R.I.P. Alex Karras
Former football star and actor Alex Karras has died, two days after suffering kidney failure and being transferred to hospice care. He was 77.
Karras, a lineman for the Detroit Lions from 1958 to 1970, made the news last spring when he was joined more than 3000 former players filing suit against the NFL, as part of the controversy over whether the league has done enough to protect players from head injuries. Susan Clark, Karras’ wife of 32 years and a frequent co-star during his acting days, has said that Karras blamed the hits he took for the dementia that dominated his later years, and that he was “interested in making the game of football safer, and hoping that other families of retired players will have a healthier and happier retirement.”
During his college career at the University of Iowa, Karras developed a reputation as a beast on the field and a wild man off it.

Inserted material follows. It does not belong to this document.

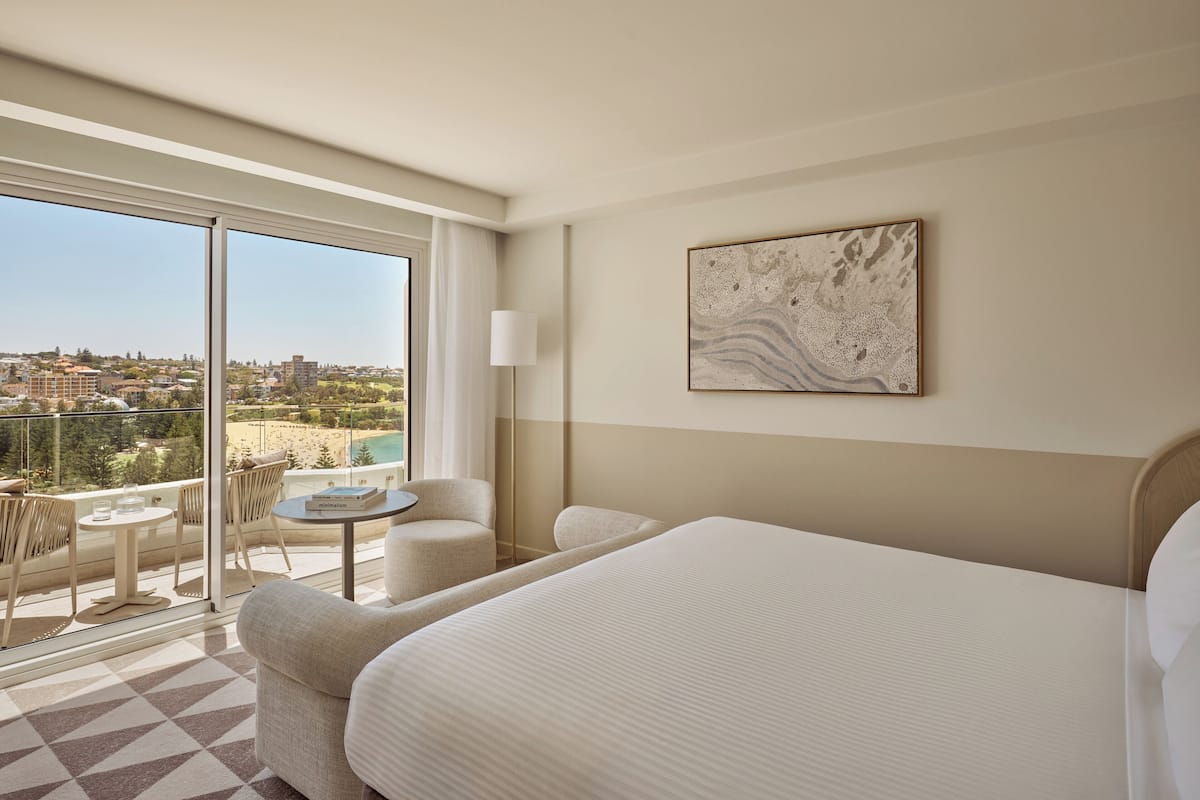 Ein Hotelzimmer mit einem großen Bett, einem kleinen runden Tisch mit einem Stuhl, einem Balkon mit Blick auf Strand und Stadt sowie einem an der Wand befestigten abstrakten Kunstwerk.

After graduation and a six-month fling as a professional wrestler, he became a first-round draft pick to play for the Lions for 12 seasons—though not consecutively, as he was suspended for one year in 1963, after admitting to having placed bets on games. (During his hiatus, he returned to pro wrestling.) Karras' football career ended when, following a knee injury, he was released from the team during the 1971 preseason.
By then, Karras’ celebrity and colorful public image had been enhanced by the 1966 publication of Paper Lion, George Plimpton’s whimsical journalistic account of the time he spent trying out, at the age of 36, for a spot as a Lions quarterback. Plimpton described Karras as a motormouthed put-on artist, entertaining his teammates with talk of reincarnation and the recounting of his past lives. In 1968, Karras made his movie debut playing himself in the film version of Paper Lion, starring Alan Alda as Plimpton.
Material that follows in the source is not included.